4

Considering that I have a list of Person objects like this :

Class Person {
  String fullName;
  String occupation;
  String hobby;
  int salary;
}

Using java8 streams, how can I get list of duplicated objects only by fullName and occupation property?

kkot
  • 477
  • 2
  • 6
  • 13
  • add equals and hashCode in person class? – SMA Nov 15 '18 at 07:19
  • 2
    Have you checked out [Java 8 Distinct by property](https://stackoverflow.com/q/23699371) ? – Jorn Vernee Nov 15 '18 at 07:22
  • 1
    Well yes. I don't need to distinct duplicates, rather I need to find if they were any duplicates in fullName - occupation pair, which has to be unique. I found plenty of topics where duplicated were *removed*. I need to add them. – kkot Nov 15 '18 at 07:25

4 Answers4

8

By using java-8 Stream() and Collectors.groupingBy() on firstname and occupation

List<Person> duplicates = list.stream()
    .collect(Collectors.groupingBy(p -> p.getFullName() + "-" + p.getOccupation(), Collectors.toList()))
    .values()
    .stream()
    .filter(i -> i.size() > 1)
    .flatMap(j -> j.stream())
    .collect(Collectors.toList());
diogo
  • 3,769
  • 1
  • 24
  • 30
Ryuzaki L
  • 37,302
  • 12
  • 68
  • 98
5

I need to find if they were any duplicates in fullName - occupation pair, which has to be unique

Based on this comment it seems that you don't really care about which Person objects were duplicated, just that there were any.
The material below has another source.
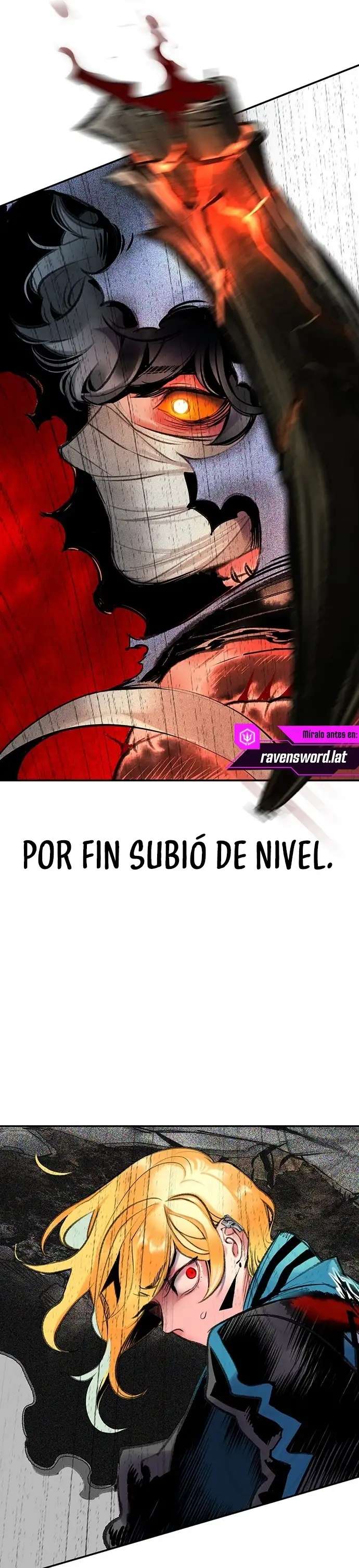 Read Jugo de la selva (es) Manga Online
In that case you can use a stateful anyMatch:

Collection<Person> input = new ArrayList<>();

Set<List<String>> seen = new HashSet<>();
boolean hasDupes = input.stream()
                        .anyMatch(p -> !seen.add(List.of(p.fullName, p.occupation)));

You can use a List as a 'key' for a set which contains the fullName + occupation combinations that you've already seen. If this combination is seen again you immediately return true, otherwise you finish iterating the elements and return false.

Jorn Vernee
  • 31,735
  • 4
  • 76
  • 93
3

I offer solution with O(n) complexity. I offer to use Map to group given list by key (fullName + occupation) and then retrieve duplicates.

public static List<Person> getDuplicates(List<Person> persons, Function<Person, String> classifier) {
    Map<String, List<Person>> map = persons.stream()
                                           .collect(Collectors.groupingBy(classifier, Collectors.mapping(Function.identity(), Collectors.toList())));

    return map.values().stream()
              .filter(personList -> personList.size() > 1)
              .flatMap(List::stream)
              .collect(Collectors.toList());
}

Client code:

List<Person> persons = Collections.emptyList();
List<Person> duplicates = getDuplicates(persons, person -> person.fullName + ':' + person.occupation);
Oleg Cherednik
  • 17,377
  • 4
  • 21
  • 35
  • 1
    Alternatively, you may combine the `filter` and `flatMap` step: `.flatMap(list -> list.size() > 1? list.stream(): null)`. But you should not force the key type to be a `String`. Creating the key for two properties via string concatenation is inefficient and error prone (might create clashes on the resulting strings). – Holger Nov 15 '18 at 10:29
1

First implement equals and hashCode in your person class and then use.

List<Person> personList = new ArrayList<>();

Set<Person> duplicates=personList.stream().filter(p -> Collections.frequency(personList, p) ==2)
                .collect(Collectors.toSet());

If objects are more than 2 then you use Collections.frequency(personList, p) >1 in filter predicate.

Khalid Shah
  • 3,132
  • 3
  • 20
  • 39